◆ Exercise brief
Type the listing below out again exactly. No images.

◆ Dataset excerpts
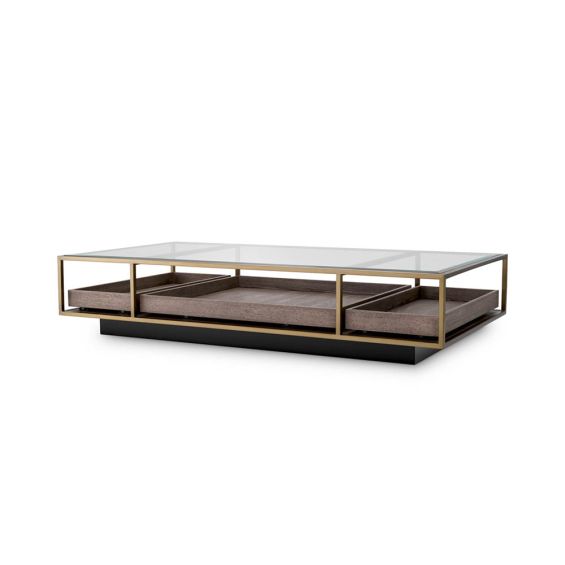 Brass frame coffee table with sleek glass top and slide out wooden trays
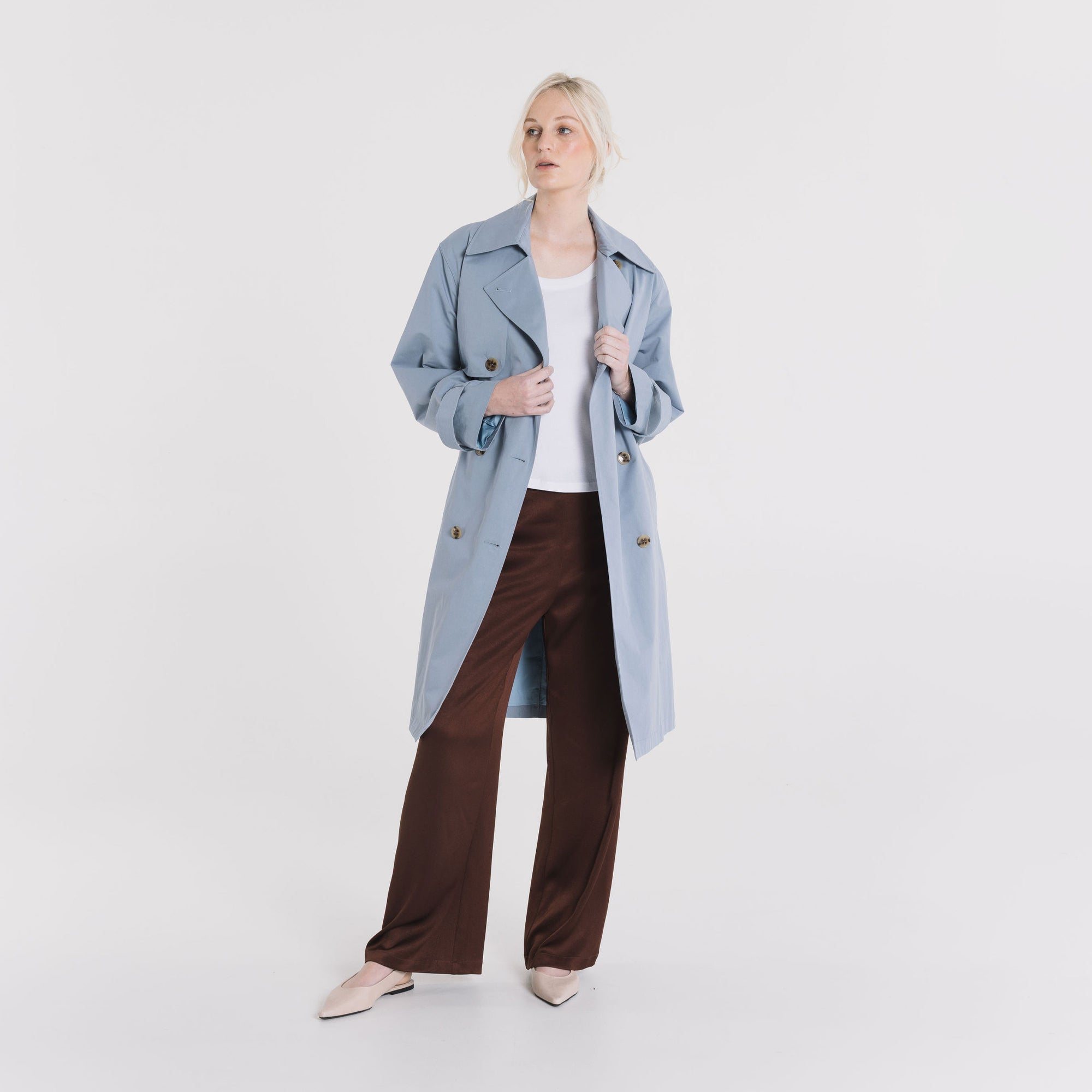 Poppy Coat - Dusty Blue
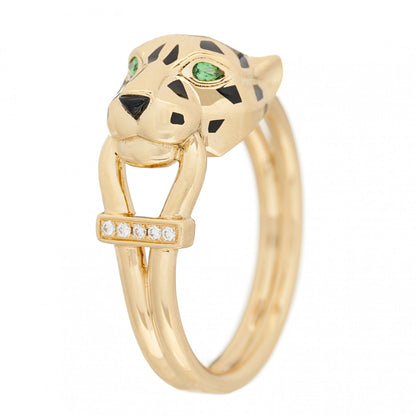 Cartier 18K Yellow Gold Diamond Tsavorite Garnet Black Onyx Panthere de Cartier Ring 58 8.25 1 of 7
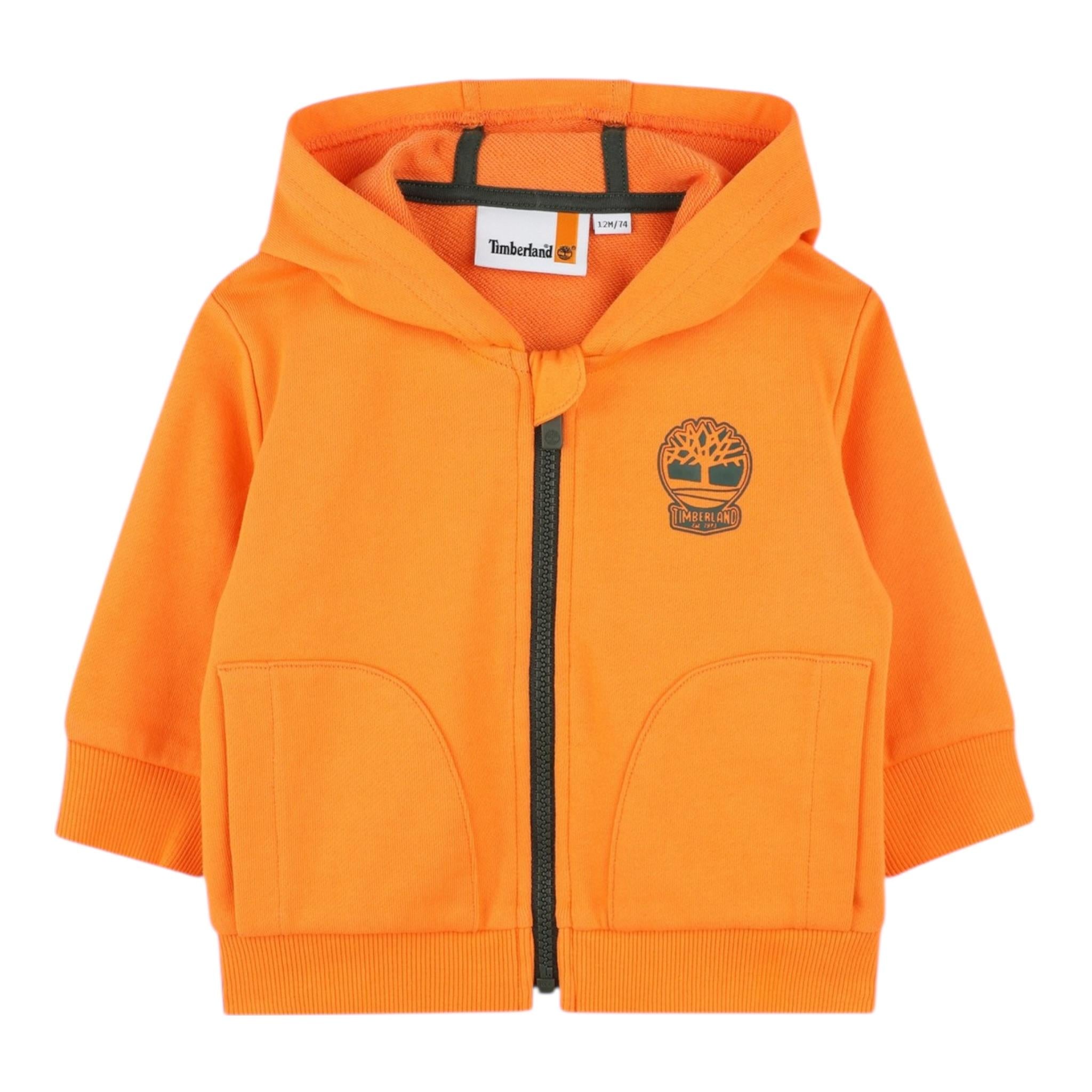 Timberland Felpa Tinta Unita con Zip E Cappuccio per Bambino T60487X ARANCIONE TIMBERLAND 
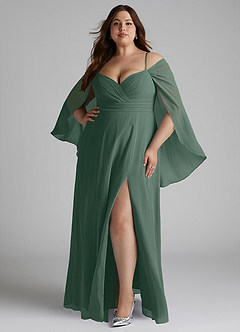 Azazie Cienna Robes de demoiselle d'honneur Robe Trapèze en Mousseline de soie Épaule décolletée Mousse De Mer image7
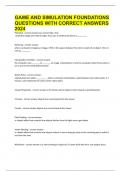 GAME AND SIMULATION FOUNDATIONS QUESTIONS WITH CORRECT ANSWERS 2024
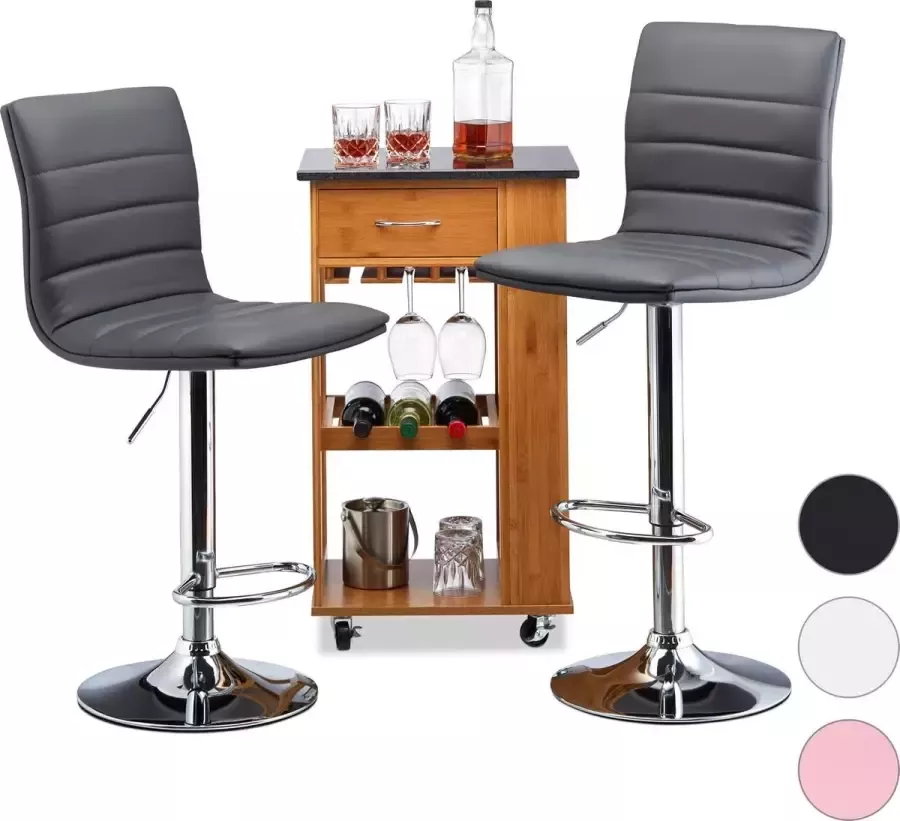 Relaxdays barkruk set van 2 tafelkruk met leuning barstoel in de hoogte verstelbaar grijs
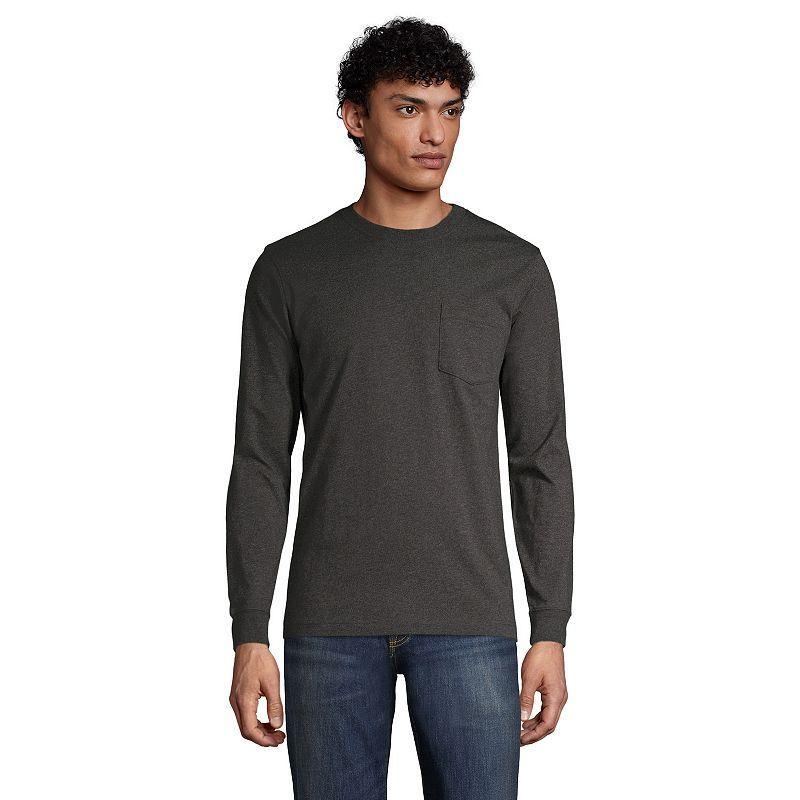 Big & Tall Lands End Super-T Pocket Tee, Mens Dk Grey Heather Product Image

◆ Exercise output
 Brass frame coffee table with sleek glass top and slide out wooden trays
 Poppy Coat - Dusty Blue
 Cartier 18K Yellow Gold Diamond Tsavorite Garnet Black Onyx Panthere de Cartier Ring 58 8.25 1 of 7
 Timberland Felpa Tinta Unita con Zip E Cappuccio per Bambino T60487X ARANCIONE TIMBERLAND 
 Azazie Cienna Robes de demoiselle d'honneur Robe Trapèze en Mousseline de soie Épaule décolletée Mousse De Mer image7
 GAME AND SIMULATION FOUNDATIONS QUESTIONS WITH CORRECT ANSWERS 2024
 Relaxdays barkruk set van 2 tafelkruk met leuning barstoel in de hoogte verstelbaar grijs
 Big & Tall Lands End Super-T Pocket Tee, Mens Dk Grey Heather Product Image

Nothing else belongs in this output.